And now.. I’m on the precipice of change. I must be. Because my song Earthquake is almost out and that means I’m one step closer to embarking on my life as REVENGE WIFE! Did you ever think you’d be here?

It feels like this moment, right now, is something I’ve dreamed of for the past few years. Feeling free, without a label, making music that can be all mine. Not that it’s not a collaboration still (especially on Earthquake, Ceci and Ryder were so instrumental), but I was making the choices. In the past, at a certain point, the people around me made me feel like my choices were too emotional or too spiritual and not based in “market research” (kill me). I can’t believe I am about to start releasing the Revenge Wife music into the world because I didn’t feel capable of this.

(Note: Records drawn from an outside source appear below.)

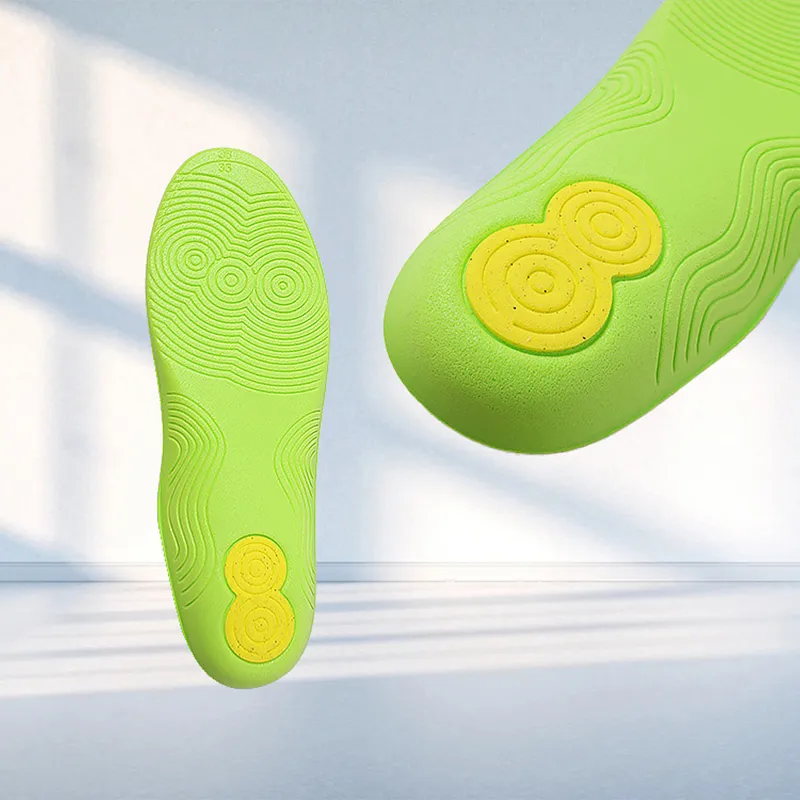 Лёгкие спортивные стельки Буюнь, тонкая модель с анатомической формой, подходят для различных беговых кроссовок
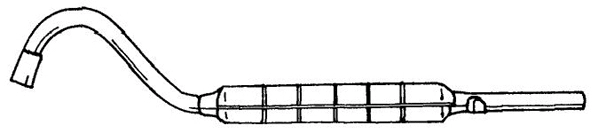 Rear Muffler (12637)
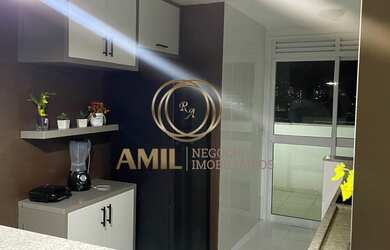 Imagem 6: Apartamento Edifício Amadeus Boulevard / Jardim das Colinas/ 01 dormitório sendo uma suít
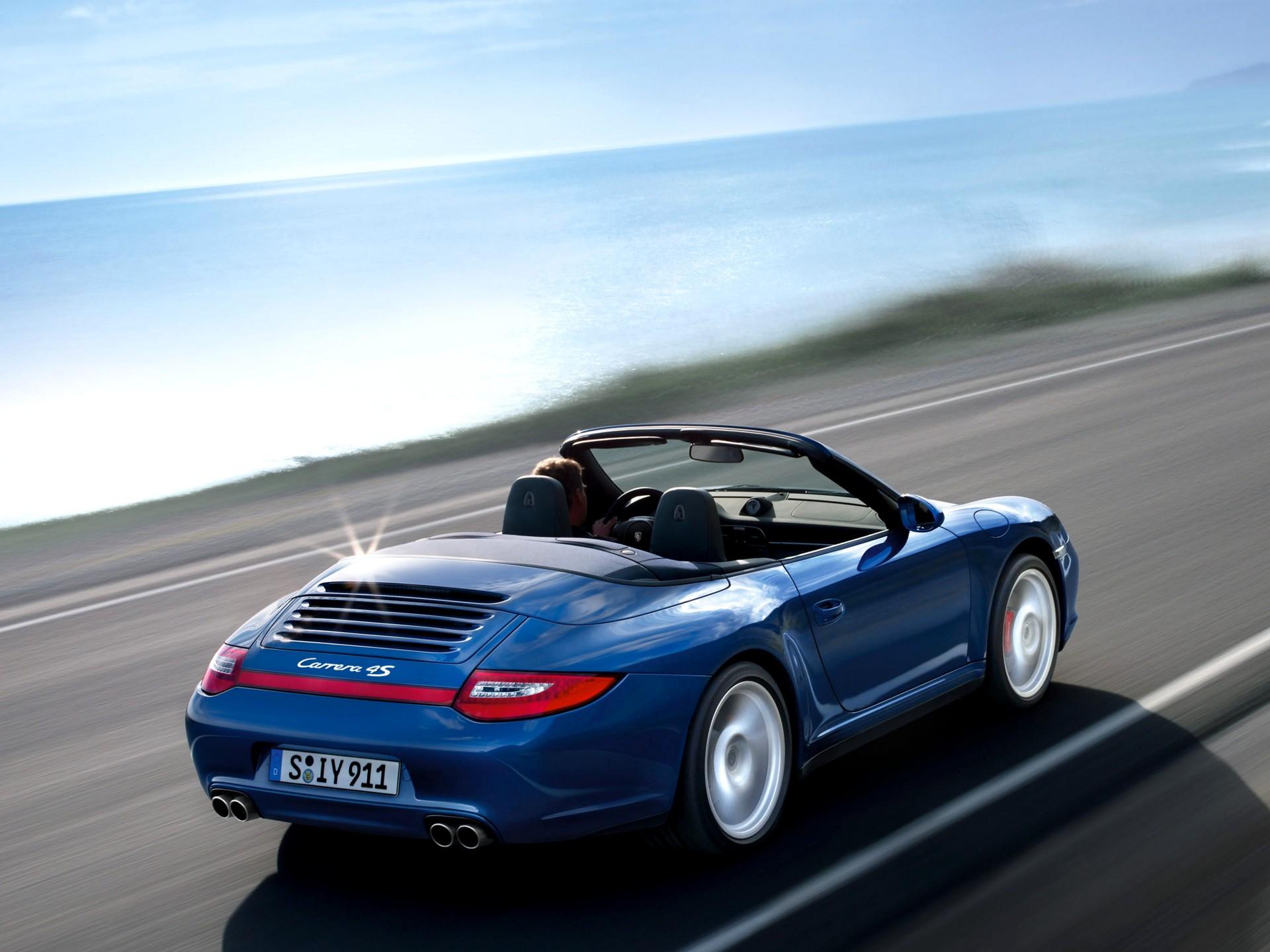 Porsche 911 Carrera 4s Cabriolet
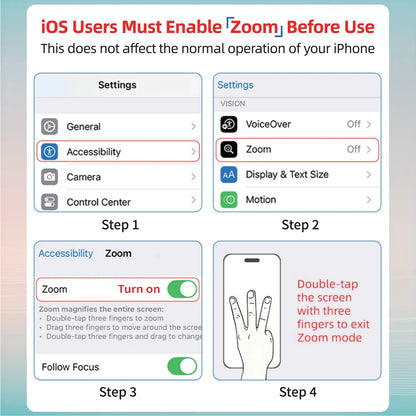 Wireless Bluetooth Scrolling Ring Remote Control for TikTok, YouTube Shorts, Instagram Reels, Rednote, Douyin, and Kindle App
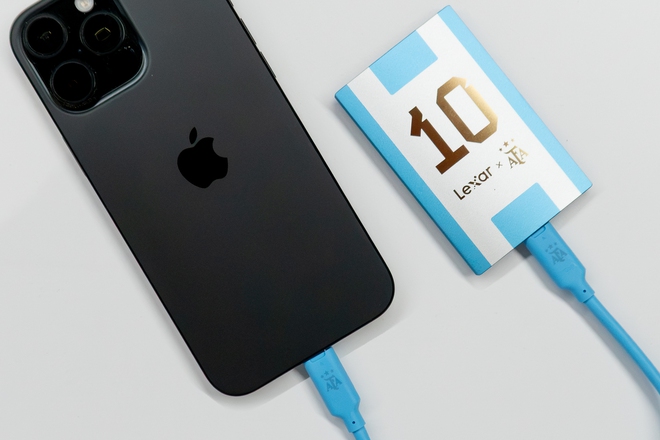 Trải nghiệm Lexar SL500 Elite Legends: SSD di động đậm chất World Cup 2026 - Ảnh 4.
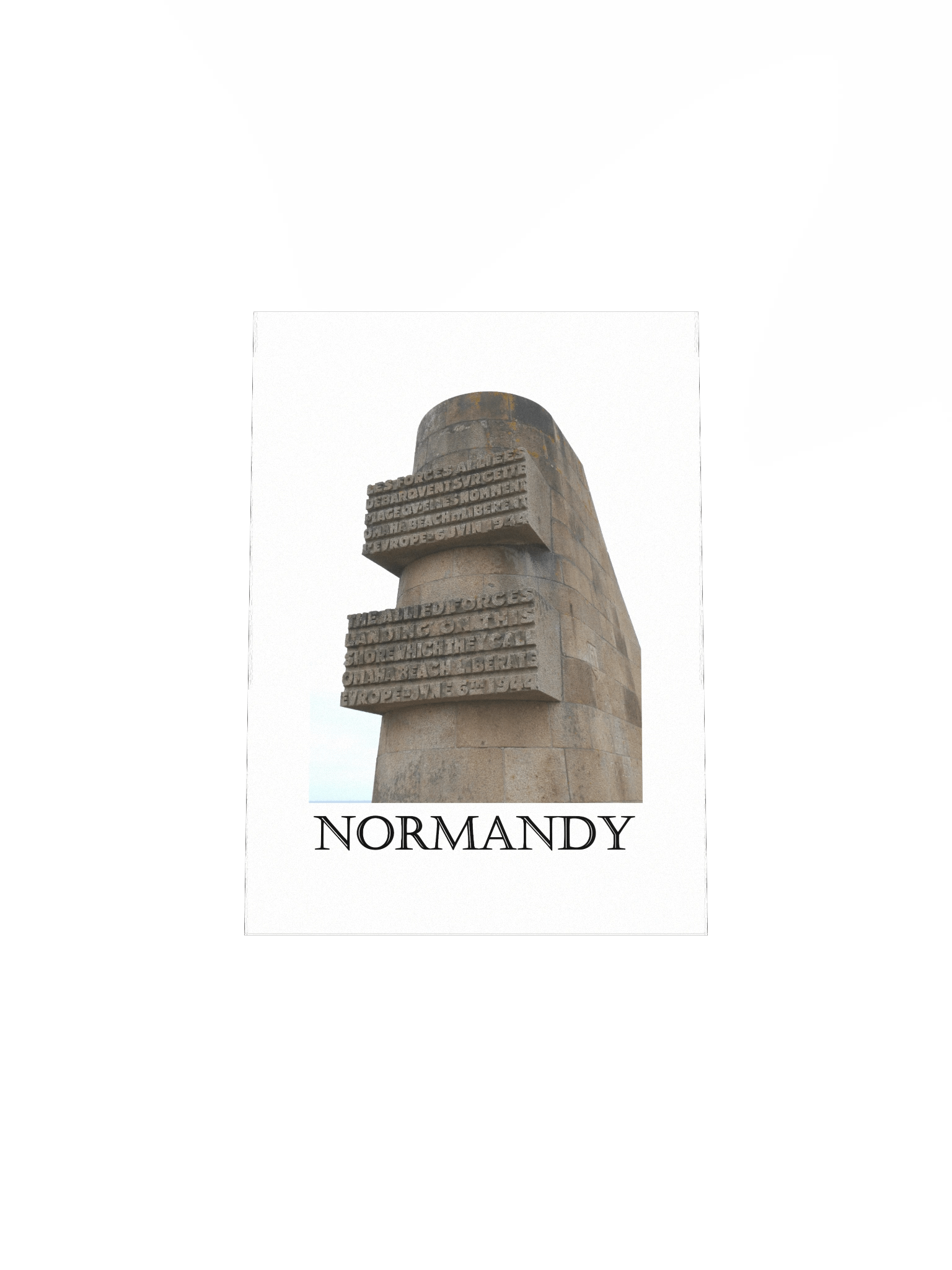 Normandy - WWII Signal Monument product image (25)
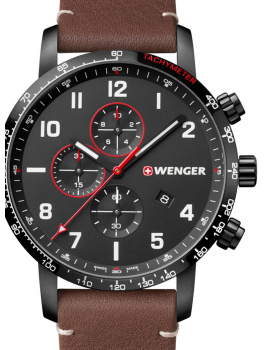 Wenger 01.1543.107 Attitude Chono Special Edition 44mm 10 ATM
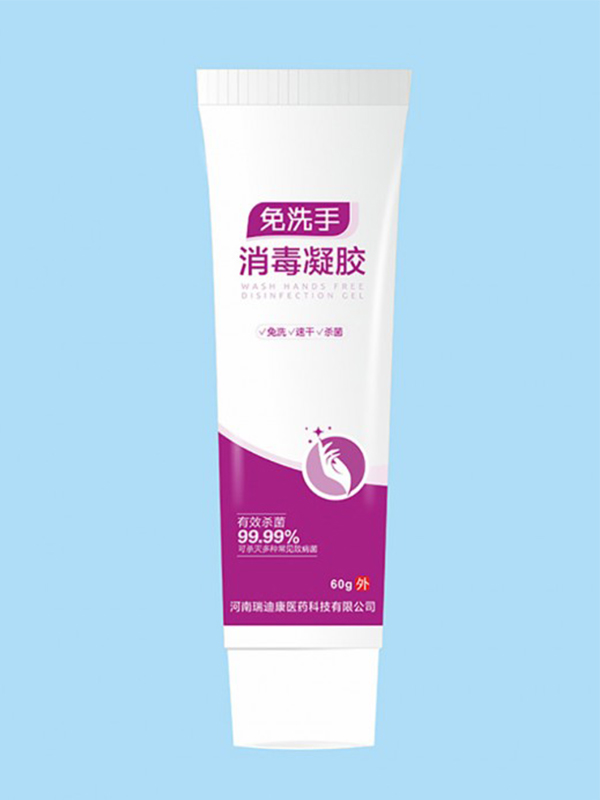 60ml Disposable Gel Hand Sanitizer For Home Erogenous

I thought maybe I was destined to repeat my family’s trauma. Maybe abuse was so normal and that’s what I deserved. When I broke up with ____ and my dad was driving on the highway and he asked why, I was so forceful when I answered “Because he hit me. He fractured my hand.” I wanted my dad to know what it feels like to see a daughter abused. I don’t know what the impact was.

We’re at the place in our culture where “woke bros” run rampant. These are guys that seem nice, but perpetuate the oppression of women. I had these guys around me so much I can’t even believe I escaped. It was the ex-boyfriend so jealous I wasn’t allowed to talk to waiters. It was the old white business executive who didn’t want HOLYCHILD to release Bathroom Bitch (a sex anthem), or worse Carmelo (about me being sexually assaulted) because, and I quote, “the ‘me too’ movement is only happening in the film industry.” It’s the way a man in his 50s, trying to sign HOLYCHILD years ago, got me alone to ask me how I feel “when people look at me.” It’s the way I barely see female producers (shout out to badass woman Ceci G, co-producer of Earthquake). It’s the way I was told I was so incapable without the men around me and then exploited. My voice, my body.. but mostly my messages were exploited.

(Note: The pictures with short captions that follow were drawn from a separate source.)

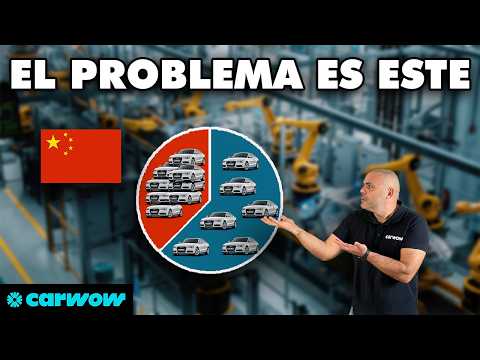 EL PROBLEMA NO SON LOS COCHES CHINOS EN EUROPA: LAS GRÁFICAS QUE MUESTRAN EL CAMBIO DE CICLO MUNDIAL
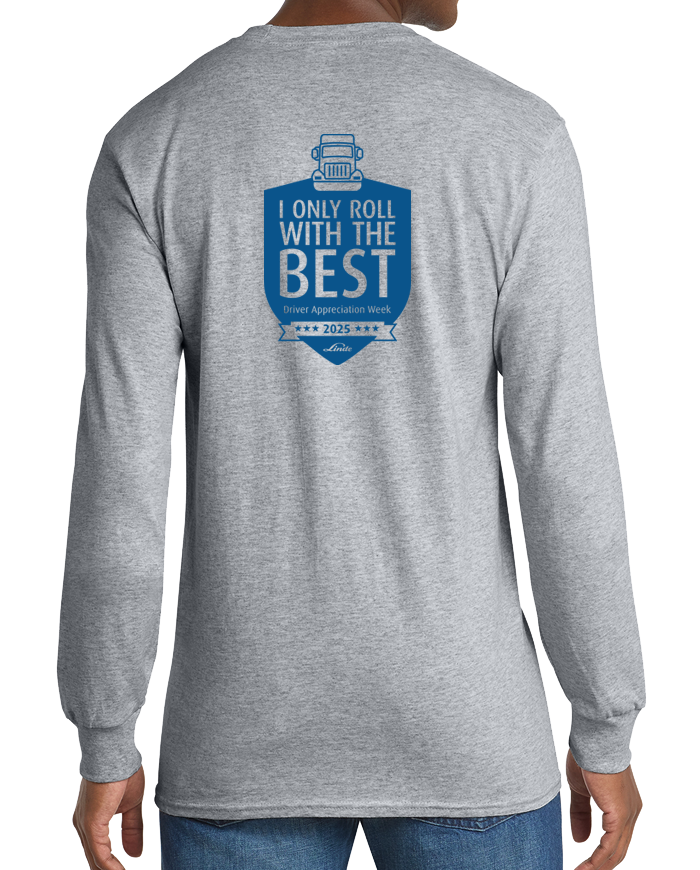 2025 Linde Driver Appreciation Long Sleeve Tee Shirt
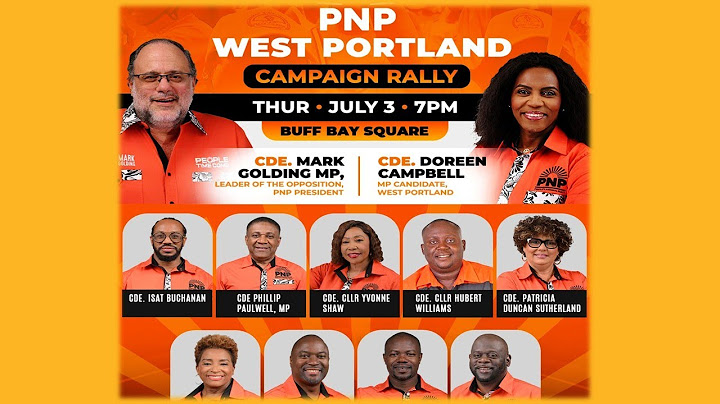 PNP West Portland Campaign Rally | 7pm Thur | July 3, 2025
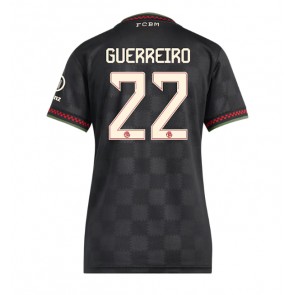 Bayern Munich Raphael Guerreiro #22 Tredje Tröja Dam 2025-26 Kortärmad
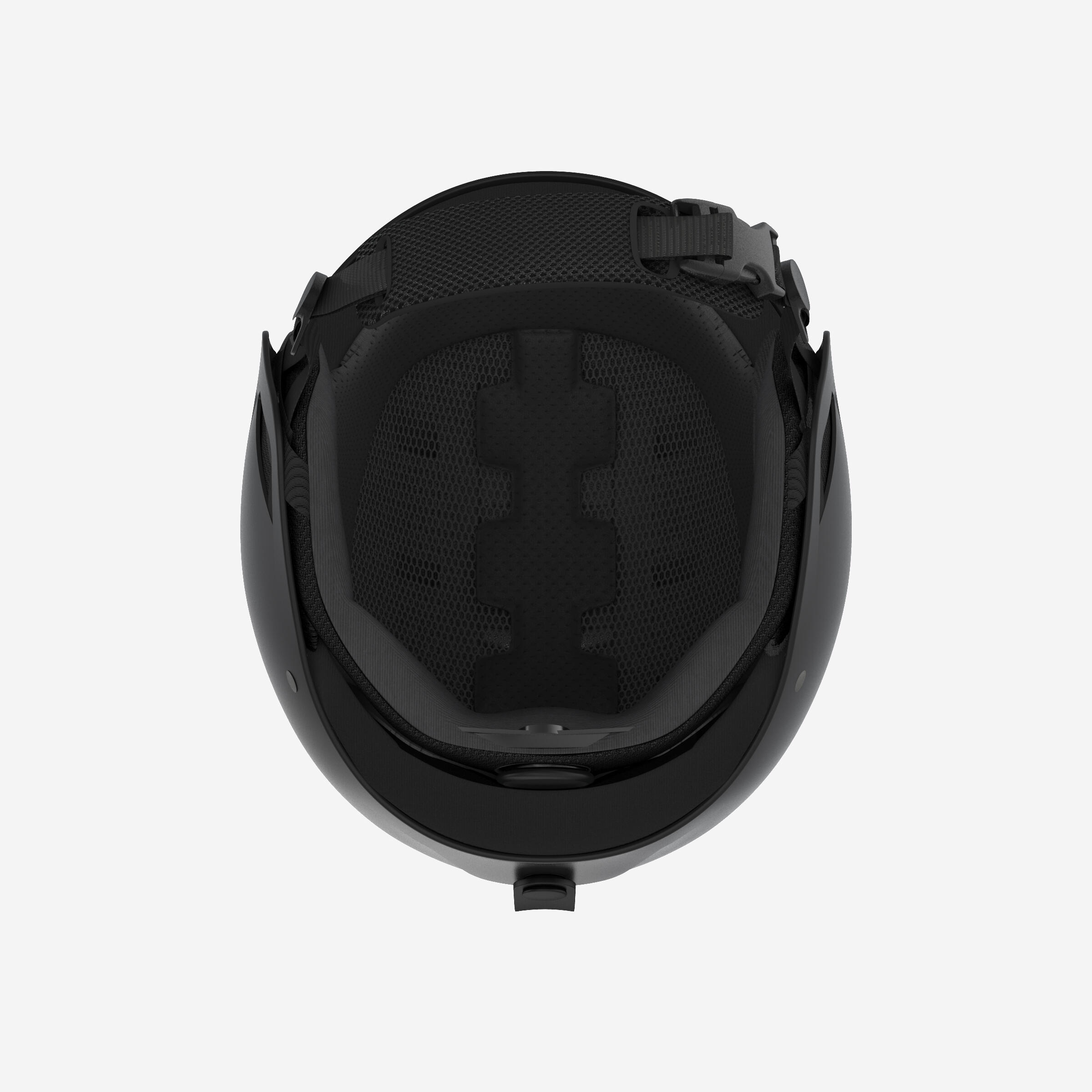 Casque de ski et de snowboard aux oreilles rigides adulte, HRC 500 noir 5/7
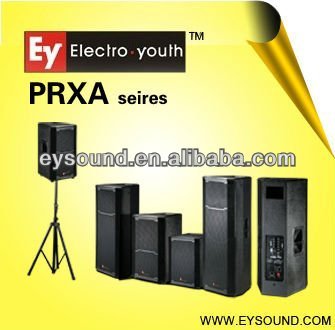 Pro audio active speaker PRX SERIES New Speaker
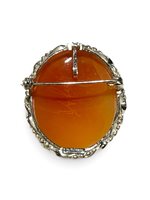 Brosche Mandile 1922 Dame Cammei  in Silber Conchiglia 2MSPCM30.6.26 - 2MSPCM30.6.26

I’m surprised I’m here today, releasing a song because I wanted to give up.

I had an A&R who told my bandmate he looked at my vagina (up my skirt). After we told the label, I kid you not, this fucking guy looked at me during the most uncomfortable lunch and told me “you could have gotten me fired.” I seriously think he was expecting me to apologize to him.

I had a music executive tell me constantly about how I should or should not portray my body. One time, he was talking about a female artist I should be more like, I remember him saying, “Now she’s sexy. Sexier than you.” I was so confused sitting in his office and.. I was 25 then. What did he want from me? He used to tell me if I didn’t write better songs I would be a YouTuber. “Did I want that?” I don’t know why he hated Youtubers so much.

Earthquake isn’t about any of this. It’s just pure expression, but on the eve of its release, I’m still in disbelief. I want to remind myself I’m worth it! I got here!!

So, Liz, I’m writing this to remind you of the past 8 years and to show you how special it is that we’re here, and free, and I’m doing this my way. With my team and by my decisions.